*Problem requirements*: Write the entries below out again without a single difference.

[Records for processing — start]

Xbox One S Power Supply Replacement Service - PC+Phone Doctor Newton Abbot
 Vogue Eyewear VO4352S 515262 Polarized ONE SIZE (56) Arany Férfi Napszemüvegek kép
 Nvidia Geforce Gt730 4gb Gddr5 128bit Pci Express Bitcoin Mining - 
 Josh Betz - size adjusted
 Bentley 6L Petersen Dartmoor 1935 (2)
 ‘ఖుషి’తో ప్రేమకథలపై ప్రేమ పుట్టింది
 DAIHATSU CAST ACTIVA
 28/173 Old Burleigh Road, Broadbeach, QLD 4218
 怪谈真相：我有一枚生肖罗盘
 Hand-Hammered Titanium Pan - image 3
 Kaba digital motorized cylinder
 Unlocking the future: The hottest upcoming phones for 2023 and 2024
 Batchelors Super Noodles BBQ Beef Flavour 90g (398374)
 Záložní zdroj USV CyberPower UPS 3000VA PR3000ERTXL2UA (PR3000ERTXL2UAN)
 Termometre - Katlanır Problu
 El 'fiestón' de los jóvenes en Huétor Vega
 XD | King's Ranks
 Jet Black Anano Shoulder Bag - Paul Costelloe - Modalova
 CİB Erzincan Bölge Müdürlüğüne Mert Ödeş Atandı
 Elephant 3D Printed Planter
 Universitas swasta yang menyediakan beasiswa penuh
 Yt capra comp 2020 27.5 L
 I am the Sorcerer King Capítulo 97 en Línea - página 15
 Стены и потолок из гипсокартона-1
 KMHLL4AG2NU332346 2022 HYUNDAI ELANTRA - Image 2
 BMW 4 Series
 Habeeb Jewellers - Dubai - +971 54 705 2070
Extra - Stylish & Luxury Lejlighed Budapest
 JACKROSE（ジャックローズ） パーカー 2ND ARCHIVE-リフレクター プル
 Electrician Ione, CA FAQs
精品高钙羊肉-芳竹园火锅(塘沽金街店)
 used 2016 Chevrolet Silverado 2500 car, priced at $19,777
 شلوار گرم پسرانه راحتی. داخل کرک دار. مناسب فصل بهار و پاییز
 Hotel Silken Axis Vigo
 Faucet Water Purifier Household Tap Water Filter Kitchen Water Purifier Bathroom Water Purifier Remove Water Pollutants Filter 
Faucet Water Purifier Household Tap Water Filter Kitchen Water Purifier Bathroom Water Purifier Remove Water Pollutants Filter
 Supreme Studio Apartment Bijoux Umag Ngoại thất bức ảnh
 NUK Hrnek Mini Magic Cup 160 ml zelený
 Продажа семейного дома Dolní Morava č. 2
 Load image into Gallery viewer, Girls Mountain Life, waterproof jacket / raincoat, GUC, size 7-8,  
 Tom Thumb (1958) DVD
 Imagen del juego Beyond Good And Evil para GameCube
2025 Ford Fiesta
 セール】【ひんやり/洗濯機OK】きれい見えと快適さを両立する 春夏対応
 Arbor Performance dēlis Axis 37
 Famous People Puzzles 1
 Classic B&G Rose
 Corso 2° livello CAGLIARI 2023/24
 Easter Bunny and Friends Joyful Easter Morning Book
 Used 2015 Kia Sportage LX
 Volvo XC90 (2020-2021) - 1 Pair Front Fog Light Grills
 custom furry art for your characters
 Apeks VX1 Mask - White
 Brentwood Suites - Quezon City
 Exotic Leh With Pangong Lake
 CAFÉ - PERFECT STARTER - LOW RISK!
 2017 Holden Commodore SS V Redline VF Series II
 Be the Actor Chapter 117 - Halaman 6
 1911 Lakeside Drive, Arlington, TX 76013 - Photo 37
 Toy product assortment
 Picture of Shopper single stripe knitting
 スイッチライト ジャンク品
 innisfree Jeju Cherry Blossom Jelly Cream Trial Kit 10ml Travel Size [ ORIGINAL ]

[Records for processing — finish]

*Response for this exercise*:
Xbox One S Power Supply Replacement Service - PC+Phone Doctor Newton Abbot
 Vogue Eyewear VO4352S 515262 Polarized ONE SIZE (56) Arany Férfi Napszemüvegek kép
 Nvidia Geforce Gt730 4gb Gddr5 128bit Pci Express Bitcoin Mining - 
 Josh Betz - size adjusted
 Bentley 6L Petersen Dartmoor 1935 (2)
 ‘ఖుషి’తో ప్రేమకథలపై ప్రేమ పుట్టింది
 DAIHATSU CAST ACTIVA
 28/173 Old Burleigh Road, Broadbeach, QLD 4218
 怪谈真相：我有一枚生肖罗盘
 Hand-Hammered Titanium Pan - image 3
 Kaba digital motorized cylinder
 Unlocking the future: The hottest upcoming phones for 2023 and 2024
 Batchelors Super Noodles BBQ Beef Flavour 90g (398374)
 Záložní zdroj USV CyberPower UPS 3000VA PR3000ERTXL2UA (PR3000ERTXL2UAN)
 Termometre - Katlanır Problu
 El 'fiestón' de los jóvenes en Huétor Vega
 XD | King's Ranks
 Jet Black Anano Shoulder Bag - Paul Costelloe - Modalova
 CİB Erzincan Bölge Müdürlüğüne Mert Ödeş Atandı
 Elephant 3D Printed Planter
 Universitas swasta yang menyediakan beasiswa penuh
 Yt capra comp 2020 27.5 L
 I am the Sorcerer King Capítulo 97 en Línea - página 15
 Стены и потолок из гипсокартона-1
 KMHLL4AG2NU332346 2022 HYUNDAI ELANTRA - Image 2
 BMW 4 Series
 Habeeb Jewellers - Dubai - +971 54 705 2070
Extra - Stylish & Luxury Lejlighed Budapest
 JACKROSE（ジャックローズ） パーカー 2ND ARCHIVE-リフレクター プル
 Electrician Ione, CA FAQs
精品高钙羊肉-芳竹园火锅(塘沽金街店)
 used 2016 Chevrolet Silverado 2500 car, priced at $19,777
 شلوار گرم پسرانه راحتی. داخل کرک دار. مناسب فصل بهار و پاییز
 Hotel Silken Axis Vigo
 Faucet Water Purifier Household Tap Water Filter Kitchen Water Purifier Bathroom Water Purifier Remove Water Pollutants Filter 
Faucet Water Purifier Household Tap Water Filter Kitchen Water Purifier Bathroom Water Purifier Remove Water Pollutants Filter
 Supreme Studio Apartment Bijoux Umag Ngoại thất bức ảnh
 NUK Hrnek Mini Magic Cup 160 ml zelený
 Продажа семейного дома Dolní Morava č. 2
 Load image into Gallery viewer, Girls Mountain Life, waterproof jacket / raincoat, GUC, size 7-8,  
 Tom Thumb (1958) DVD
 Imagen del juego Beyond Good And Evil para GameCube
2025 Ford Fiesta
 セール】【ひんやり/洗濯機OK】きれい見えと快適さを両立する 春夏対応
 Arbor Performance dēlis Axis 37
 Famous People Puzzles 1
 Classic B&G Rose
 Corso 2° livello CAGLIARI 2023/24
 Easter Bunny and Friends Joyful Easter Morning Book
 Used 2015 Kia Sportage LX
 Volvo XC90 (2020-2021) - 1 Pair Front Fog Light Grills
 custom furry art for your characters
 Apeks VX1 Mask - White
 Brentwood Suites - Quezon City
 Exotic Leh With Pangong Lake
 CAFÉ - PERFECT STARTER - LOW RISK!
 2017 Holden Commodore SS V Redline VF Series II
 Be the Actor Chapter 117 - Halaman 6
 1911 Lakeside Drive, Arlington, TX 76013 - Photo 37
 Toy product assortment
 Picture of Shopper single stripe knitting
 スイッチライト ジャンク品
 innisfree Jeju Cherry Blossom Jelly Cream Trial Kit 10ml Travel Size [ ORIGINAL ]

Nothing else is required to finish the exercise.